Bayesian Testing?


I'm tossing this idea out into the world. It's half-formed and I'm learning as I go along. It may be invalid, it may be old news, it may not. What I'm hoping for is that someone who knows more about at least one of testing and Bayesian inference than I do will come and set me straight.

UPDATE: Laurent Bossavit turned out to be that person. The results below have be adjusted significantly a a result of a very illuminating conversation with him. Whatever virtue these results now have is due to him (and the defects remain my responsibility). Laurent, many thanks.

In addition, a bunch of folks kindly came along to an open space session at Xp Day London this year. Here is the commentary of one. From that already the idea became better formed, and this article reflects that improvement, thanks all. If you want to skip the motivation and cut to the chase, go here.


You may have read that absence of evidence is not evidence of absence. Of course, this is exactly wrong. I've just looked, and there is no evidence to be found that the room in which I am sitting (nor the room in which you are, I'll bet: look around you right now) contains an elephant. I consider this strong evidence that there is no elephant in the room. Not proof, and in some ways not the best reason for inferring that there is no elephant, but certainly evidence that there is none.

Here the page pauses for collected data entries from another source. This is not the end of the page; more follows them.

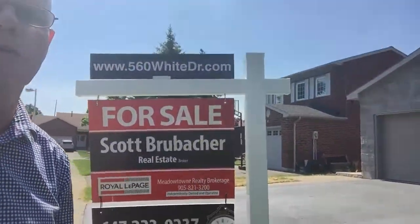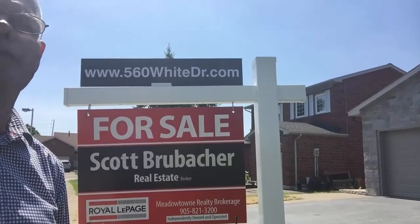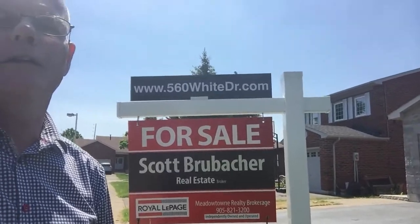So if you want to have a look at the photos, feel free to go to our website at www.560WhiteDrive.com. You can see the virtual tour there and information about the home as well. Feel free to reach out if you have any questions or you want to book a showing. Scott Brubaker, over and out.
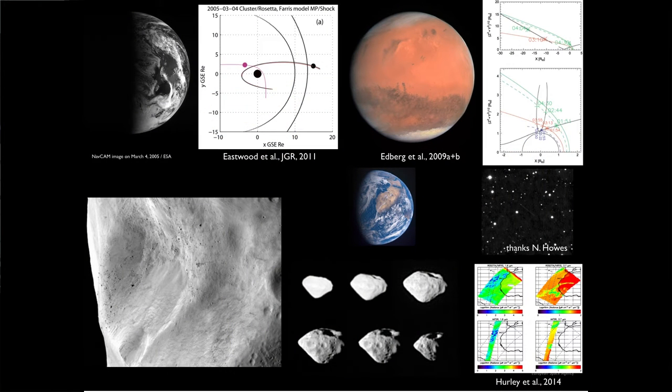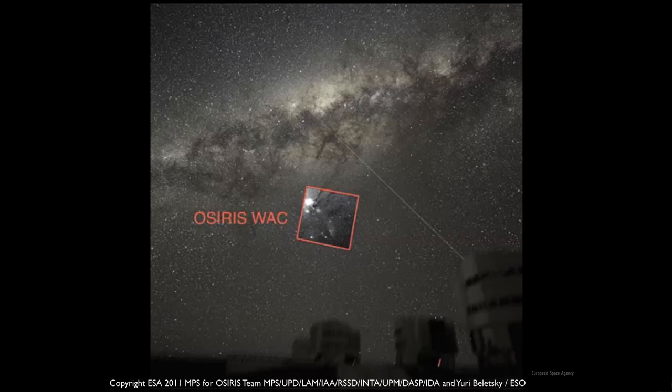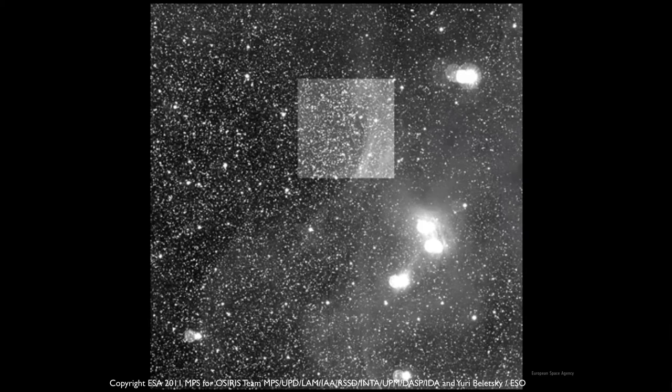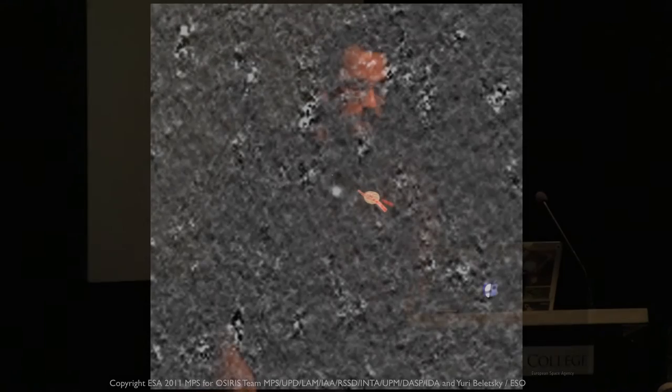We were also doing a lot of science in these flybys. We went past a couple of asteroids, Lutetia and Steins. There's some plasma information we gained — the interaction between Mars and the outer atmosphere of the sun. We had several flypasts, and then eventually we got so far out away from the sun that there wasn't enough power for most of the components on board. So we put the spacecraft into hibernation in June 2011. Just as we were doing that, we rotated the spacecraft to point towards where we were going — the target comet. The cameras on board, OSIRIS, were looking at where we were headed.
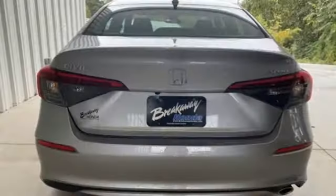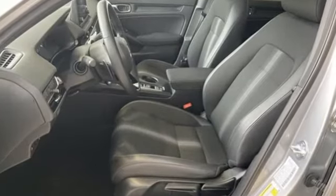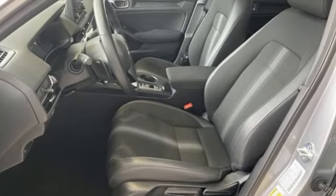Honda's created some of the most admired vehicles on the planet. Someone is going to drive this fantastic vehicle off the lot. It should be you. Test drive it today.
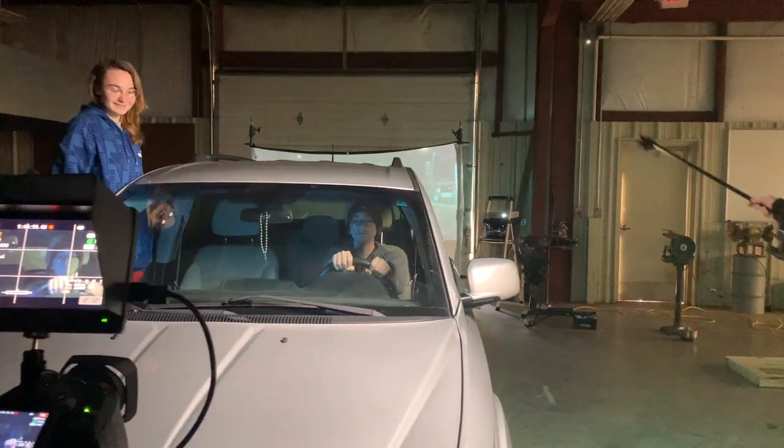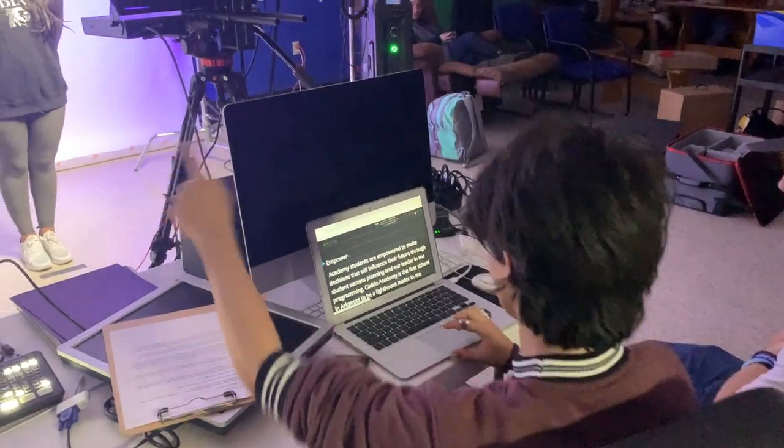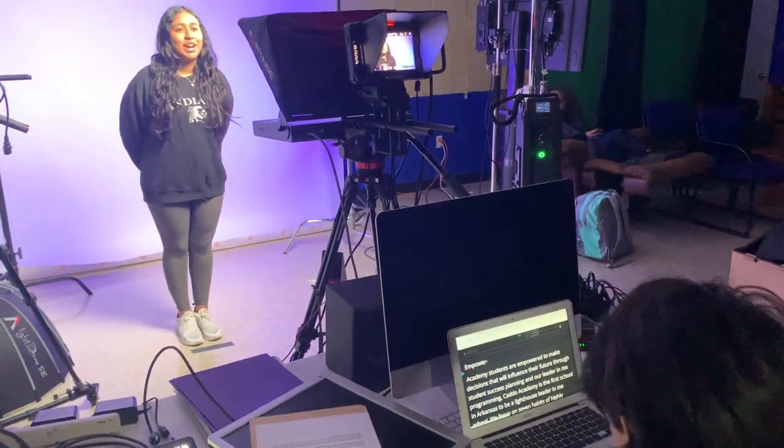Things are moving fast at Caddo Academy. Our AV tech and film program has changed almost overnight. Thanks to district, co-op, and state support, we are cultivating our CTE program like never before. Caddo students are engaged with professional equipment in a 21st century broadcast and film studio with green screen, flex set, and the new $45,000 news anchor set coming in March.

This seems to be different from the form of bad logic that Sagan is actually criticising, in which the absence of evidence that there isn't an elephant in the room would be considered crackpot-style evidence that there was an elephant in the room.

You may also have read (on page 7 of that pdf) that program testing can be used to show the presence of bugs, but never to show their absence! I wonder. In the general case this certainly seems to be so, but I'm going to claim that working programmers don't often address the general case.

Dijkstra's argument is that, even in the simple example of a multiplication instruction, we do not have the resources available to exhaustively test the implementation but we still demand that it should correctly multiply any two numbers within the range of the representation. Dijkstra says that we can't afford to take even a representative sample (whatever that might look like) of all the possible multiplications that our multiplier might be asked to do. And that seems plausible, too. Consider how many distinct values a numerical variable in your favourite language can take, and then square it. That's how many cases you expect the multiplication operation in your language to deal with, and deal with correctly. As an aside: do you expect it to work correctly? If so, why do you?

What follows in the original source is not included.